La décision est lourde de symboles. En suspendant « jusqu’à nouvel ordre » les face-à-face et les open presse, la Fédération sénégalaise de lutte ne s’attaque pas à un détail du spectacle : elle touche au cœur de la dramaturgie de l’arène. Derrière cette mesure conservatoire, un constat brutal : la violence a franchi un seuil critique, au point de dicter désormais l’agenda de la lutte sénégalaise.
C’est un signal fort envoyé au monde de l’arène. Face à la multiplication des actes de violence avant les combats, la Fédération sénégalaise de lutte (Fsl) a décidé de suspendre provisoirement les face-à-face et open presse. Une mesure radicale qui en dit long sur le climat actuel autour de la lutte sénégalaise.
Trop de débordements, trop de risques
La Fsl ne parle plus d’incidents isolés. Dans sa circulaire, elle évoque clairement des troubles répétés à l’ordre public, mettant en danger les lutteurs, les encadreurs, les journalistes et les supporters. Les face-à-face, censés promouvoir les combats, sont devenus des moments à haut risque, souvent marqués par des tensions incontrôlées et des débordements violents.
Quand la promotion vire à l’affrontement
Regards provocateurs, insultes, gestes déplacés : la frontière entre mise en scène et violence réelle s’est progressivement effacée. À force de chercher le buzz et la surenchère, certains face-à-face ont basculé dans l’affrontement pur, loin des valeurs sportives que la lutte est censée défendre.

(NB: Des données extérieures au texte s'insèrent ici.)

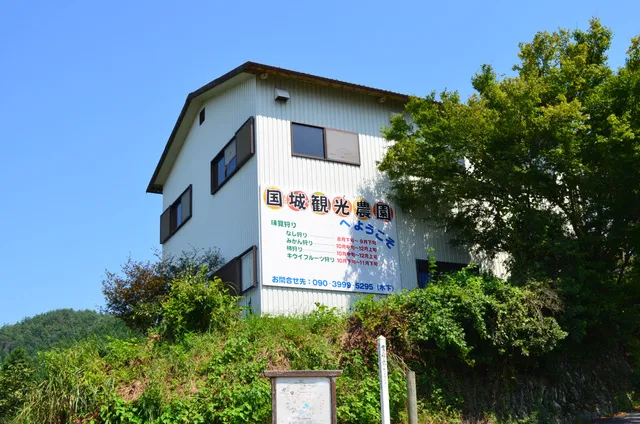 国城観光農園　みかん狩り
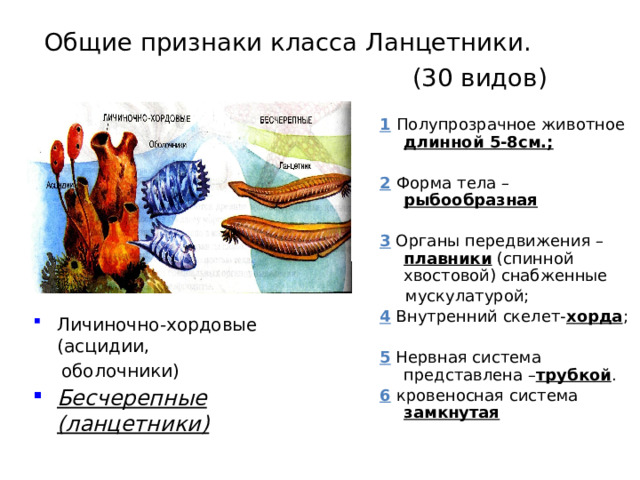 Общие признаки класса Ланцетники.  (30 видов)   1  Полупрозрачное животное длинной 5-8см.;  2  Форма тела – рыбообразная  3 Органы передвижения – плавники (спинной хвостовой) снабженные  мускулатурой; 4 Внутренний скелет- хорда ;  5 Нервная система представлена – трубкой . 6  кровеносная система замкнутая Личиночно-хордовые (асцидии,  оболочники) Бесчерепные (ланцетники) 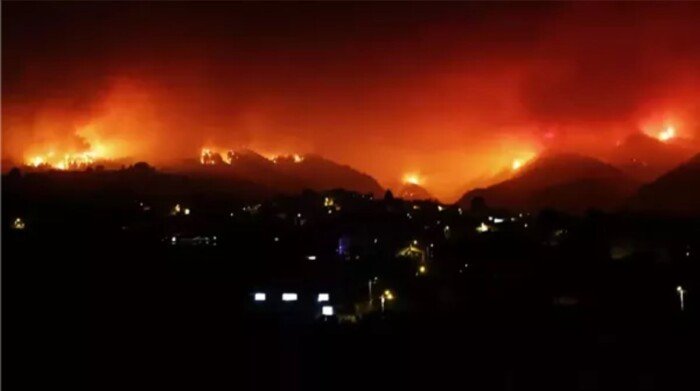 الجبل الأخضر يحترق: حرائق ضخمة تدمر غابات ومزارع ليبيا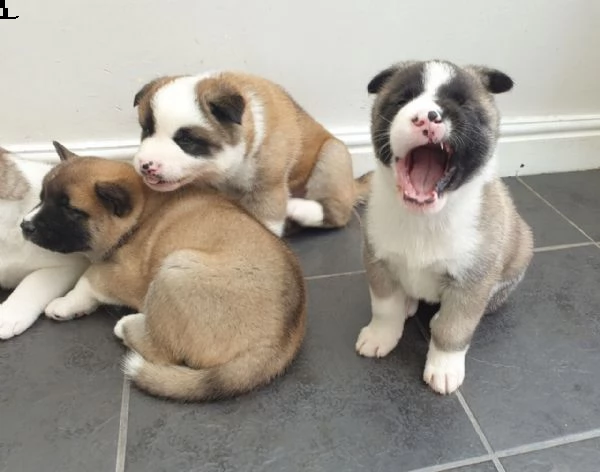cuccioli di akita addestrati in casa | Foto 4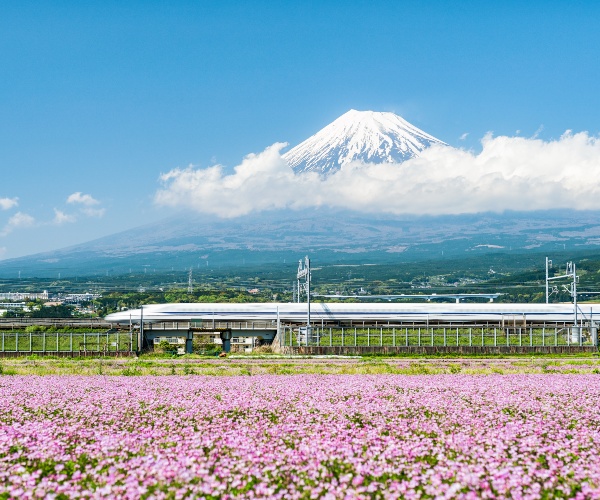 Shinkansen passing Mt Fuji in Cherry Blossom season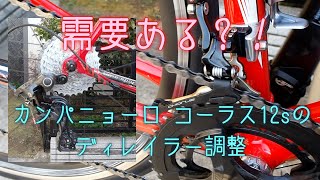 【ロードバイク】カンパニョーロ コーラス12sのディレイラー調整【メンテナンス】【ディレイラー調整】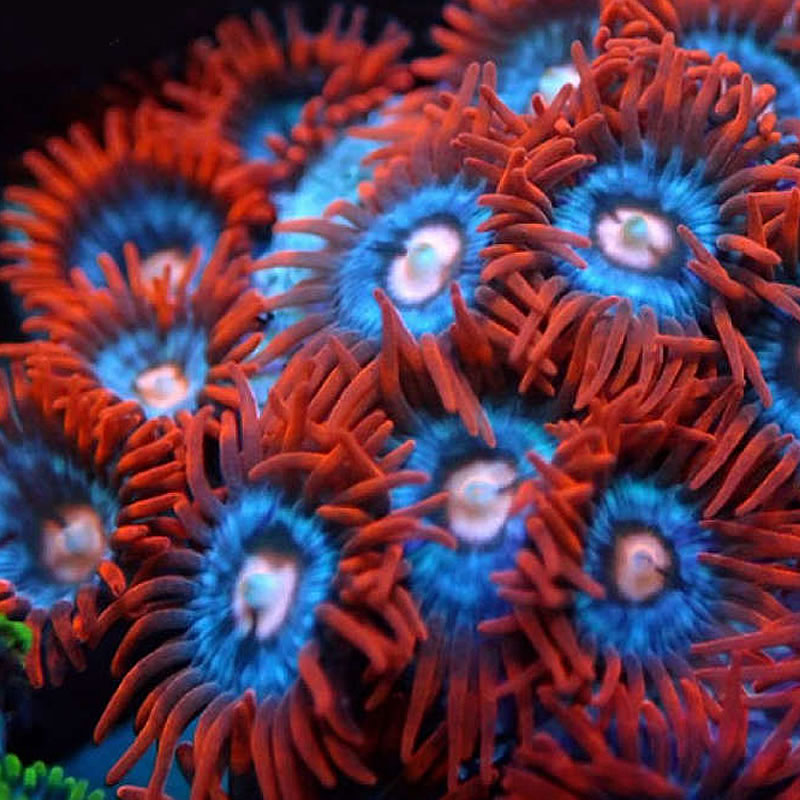 Fire and Ice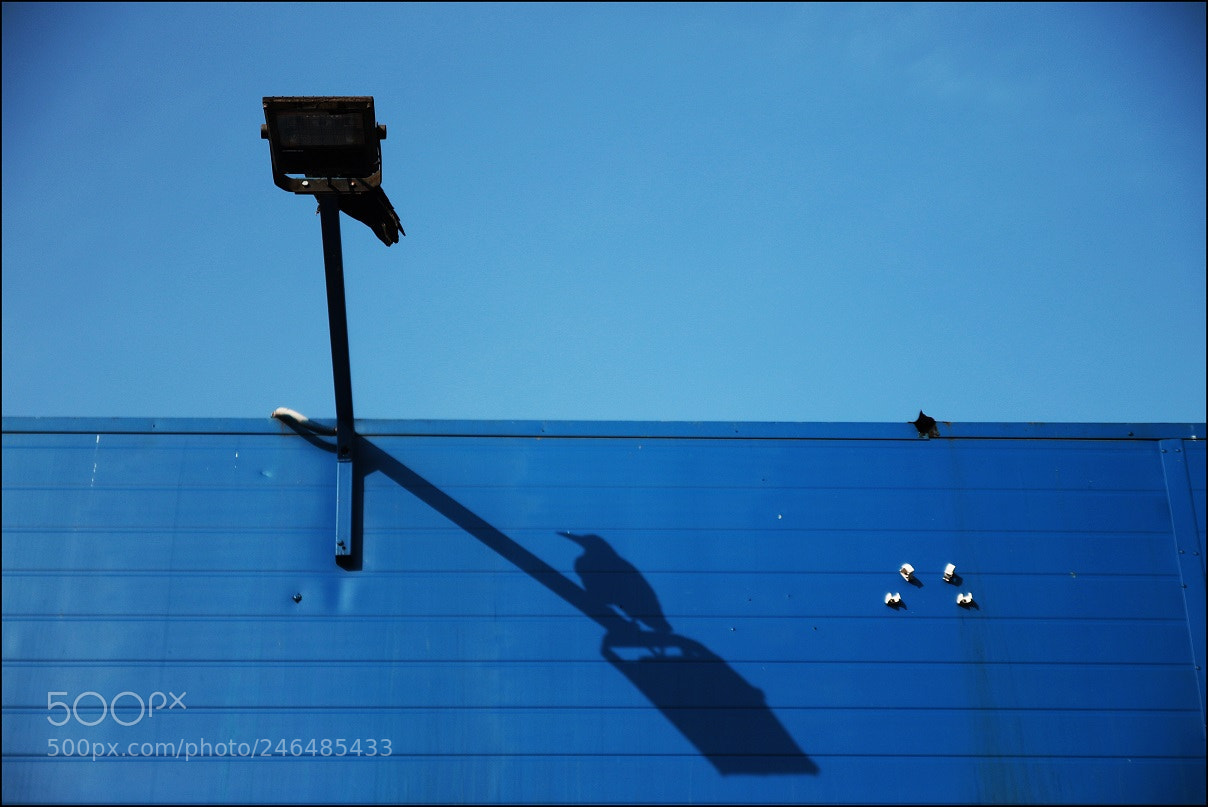 Canon EOS 7D Mark II sample photo. Untitled photography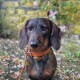 A close-up of a brown dachshund wearing a leather collar, with a blurred background of flowers and greenery.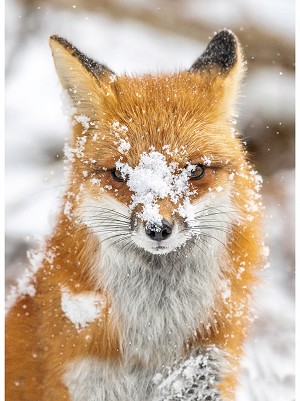 Call of the Wild Fox W5374 293 Digital Panel Hoffman 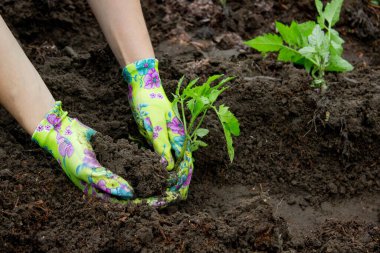 Bahçeye domates eken çiftçi. Çiçek dikiyorum.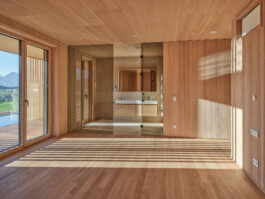 GÜNTER RICHARD WETT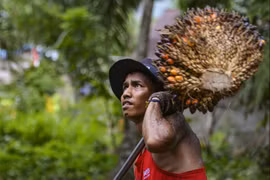 COVID-19: Malaysia’s Sarawak state reels from foreign workers’ ban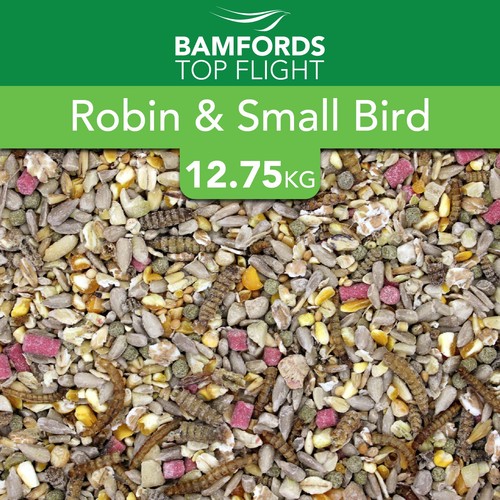 Bamfords robin small - small, bird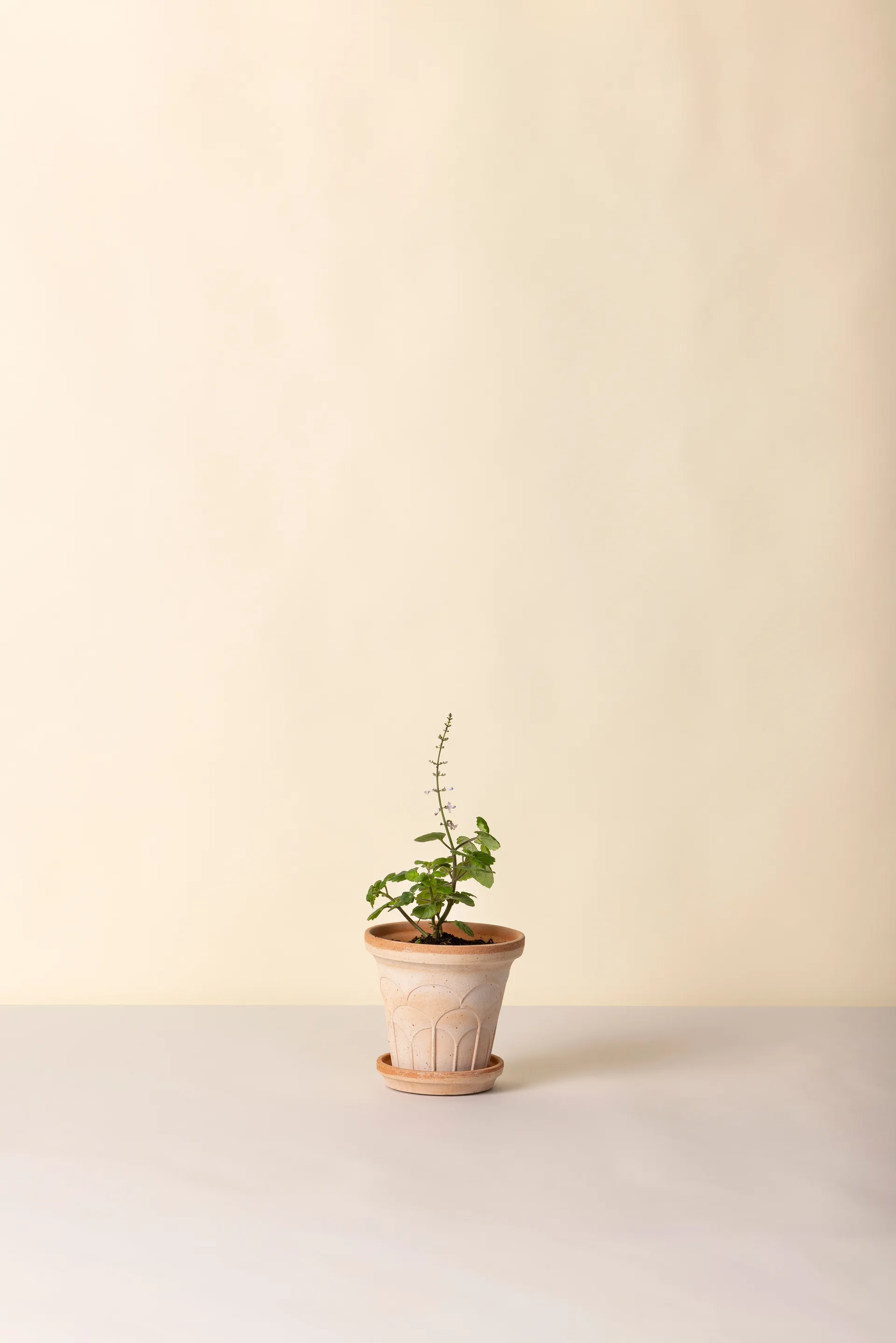 Fleur ポット 受け皿付き 2点セット, Pink, Ø14 m Bergs Potter | バーグスポッター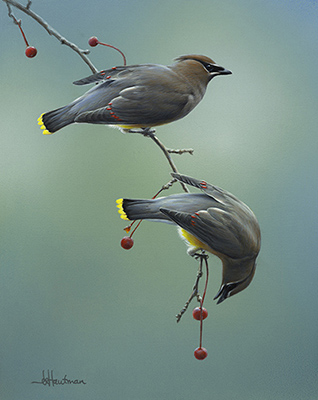 Cedar Waxwing painting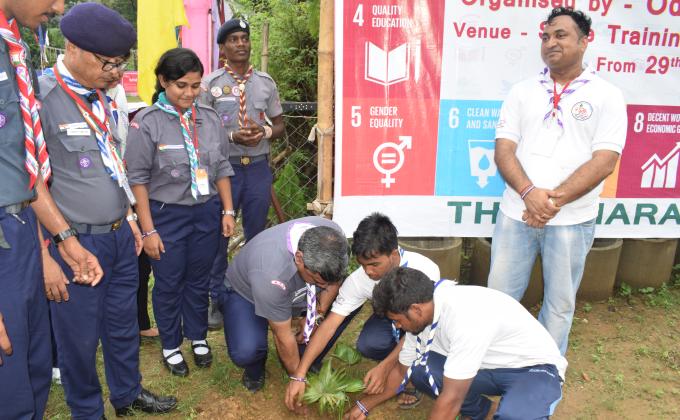Tree Plantation Program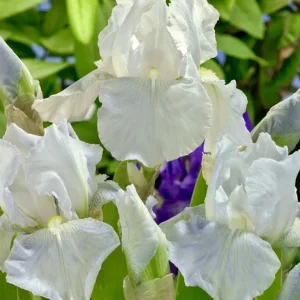 White Immortality Bearded Iris Bare Root Plant – Reblooming, Easy to Grow, Tall - Image 2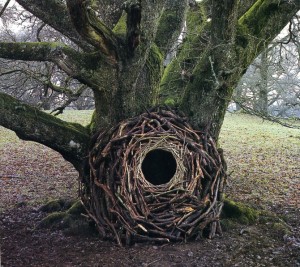 Artist Andy Goldsworthy's Brother Suffered the Death of His Beloved ...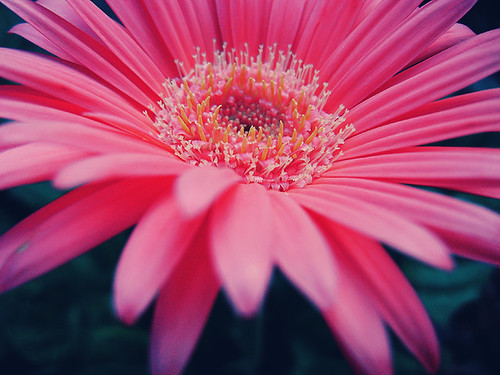 pink flower color nature contrast daisy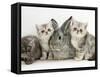 Three Silver Exotic Kittens with Silver Lop Rabbit-Jane Burton-Framed Stretched Canvas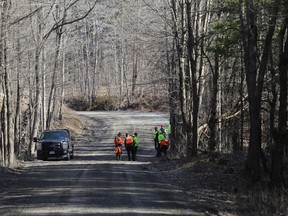 Searchers scour the thick woods of South Frontenac on Tuesday looking for three-year-old Jude Walter Leyton.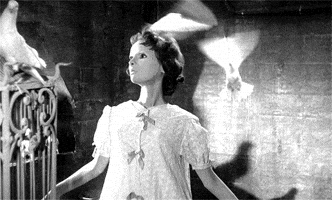 Eyes Without A Face GIF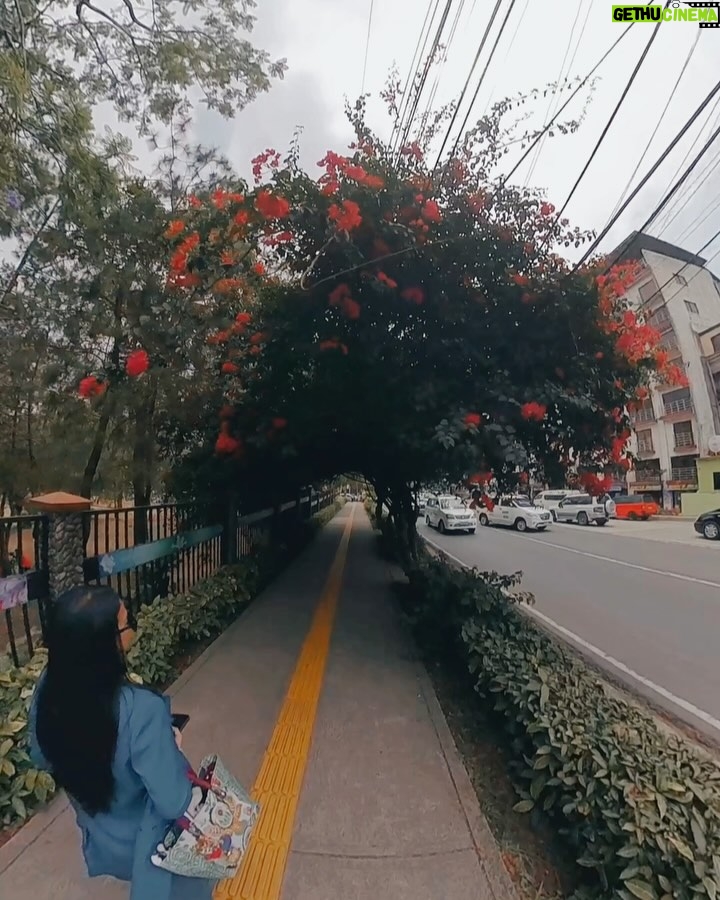 Patricia Javier - 135 Likes - The summer capital of the Philippines Baguio @baguiotourism watch the full video @biyahera2022 @_biyahera #biyahera #patriciabiyahera #baguio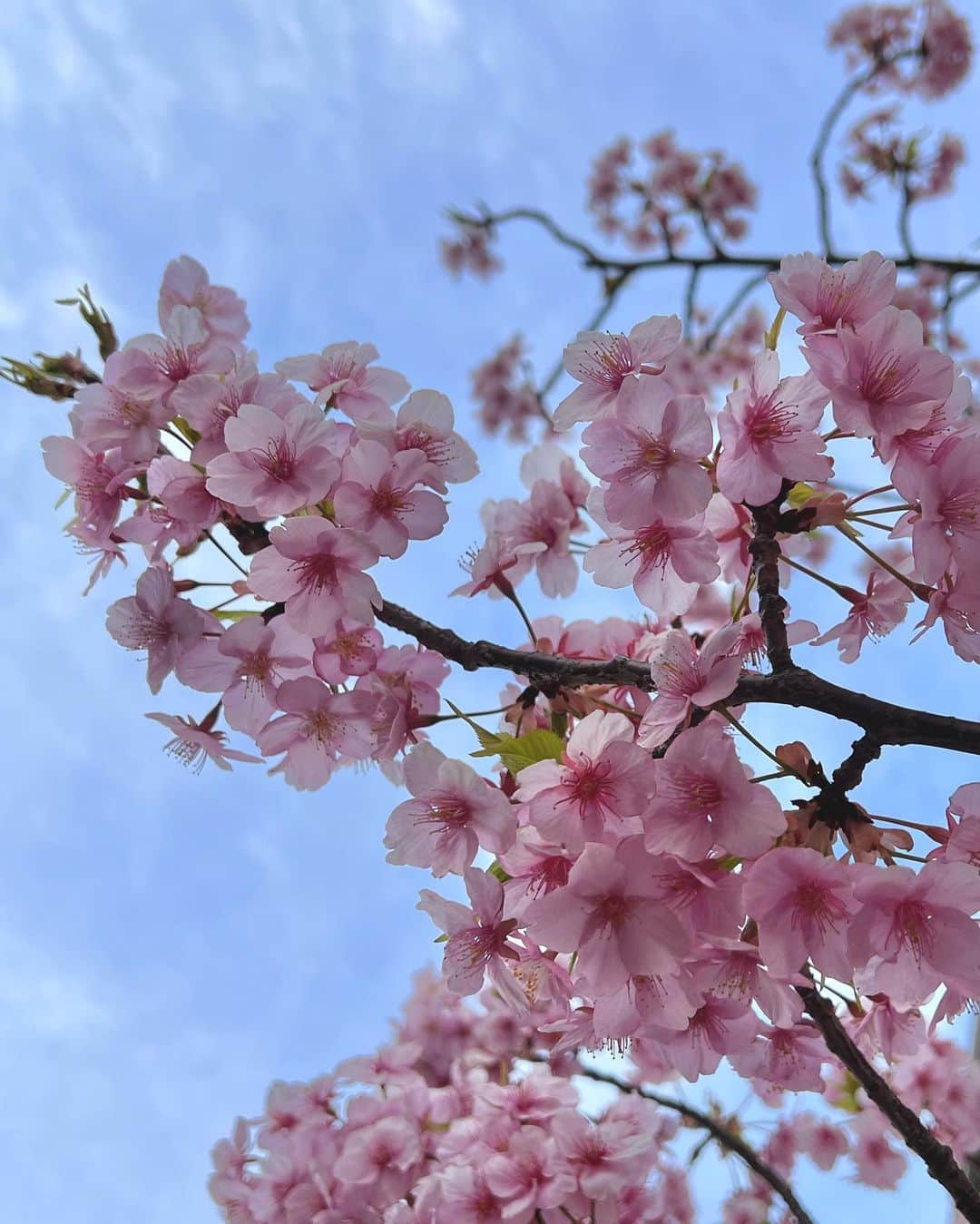 梶谷唯のインスタグラム：「🌸🌸🌸  　  むかしは新年度がすごく苦手だったけど、今はなんかちょっとすき。自分のペースで、心を大事にいこうね☺️」
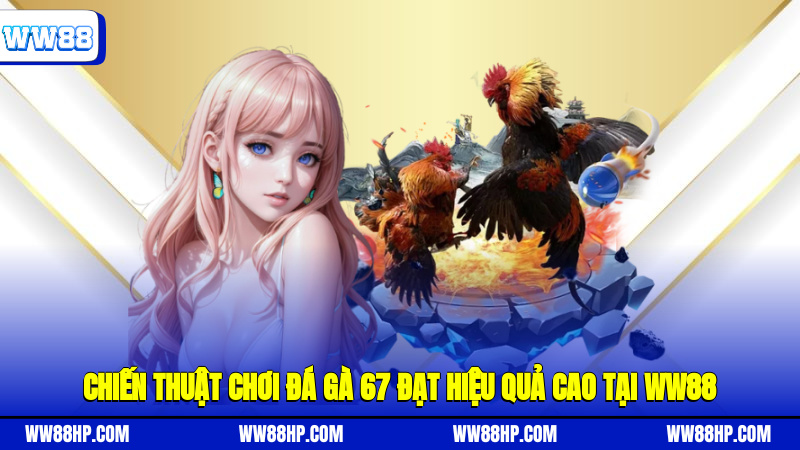 Chiến thuật chơi đá gà 67 đạt hiệu quả cao tại WW88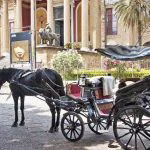 Forte caldo a Palermo, fino a lunedì divieto di circolazione per le vetture trainate da animali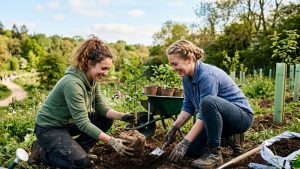 World Environment Day: How Small Environmental Actions Can Create Lasting Change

La sécurité avant le spectacle
En suspendant ces rencontres médiatiques « jusqu’à nouvel ordre », la Fédération fait un choix clair : privilégier la sécurité plutôt que le spectacle. L’objectif affiché est d’apaiser le climat dans l’arène, de prévenir toute escalade et de permettre une meilleure organisation sécuritaire des galas à venir.
Un avertissement au monde de la lutte
La FSL prévient : toute violation de cette mesure exposera ses auteurs à des sanctions disciplinaires, en plus des poursuites prévues par la loi. Un message ferme adressé aux lutteurs, aux camps, mais aussi aux promoteurs, appelés à plus de responsabilité.
Une lutte à réinventer
Cette suspension pose une question centrale : comment promouvoir les combats sans alimenter la violence ? En mettant en pause l’un de ses rituels les plus populaires, la Fsl admet que le modèle actuel a atteint ses limites. Reste désormais à inventer une autre manière de vendre la lutte, sans mettre en péril sa crédibilité ni la sécurité du public.
ENCADRE
Sanctions après l’incident de leur dernier face-à-face : Talfa suspendu 1 an, Amanekh écope d’un avertissement
La commission de discipline a tranché. À la suite de l’accrochage survenu lors de leur dernier face-à-face, Talfa et Amanekh ont été auditionnés ce matin à l’Arène nationale. Les décisions sont tombées dans la foulée, avec des sanctions contrastées pour les deux lutteurs.
Talfa écope d’une suspension d’un an, dont six mois ferme. Une sanction sévère qui traduit la gravité des faits reprochés au lutteur, jugé principal responsable de l’incident. Durant la période ferme, il sera interdit de toute activité liée à la lutte officielle.
De son côté, Amanekh s’en sort avec des avertissements. La commission a reconnu son implication dans l’accrochage, tout en estimant que son comportement ne justifiait pas une suspension.
Cette affaire relance le débat sur la discipline et la maîtrise lors des face-à-face, moments très médiatisés mais de plus en plus surveillés par les autorités de la lutte. Le message est clair : les dérapages ne seront plus tolérés.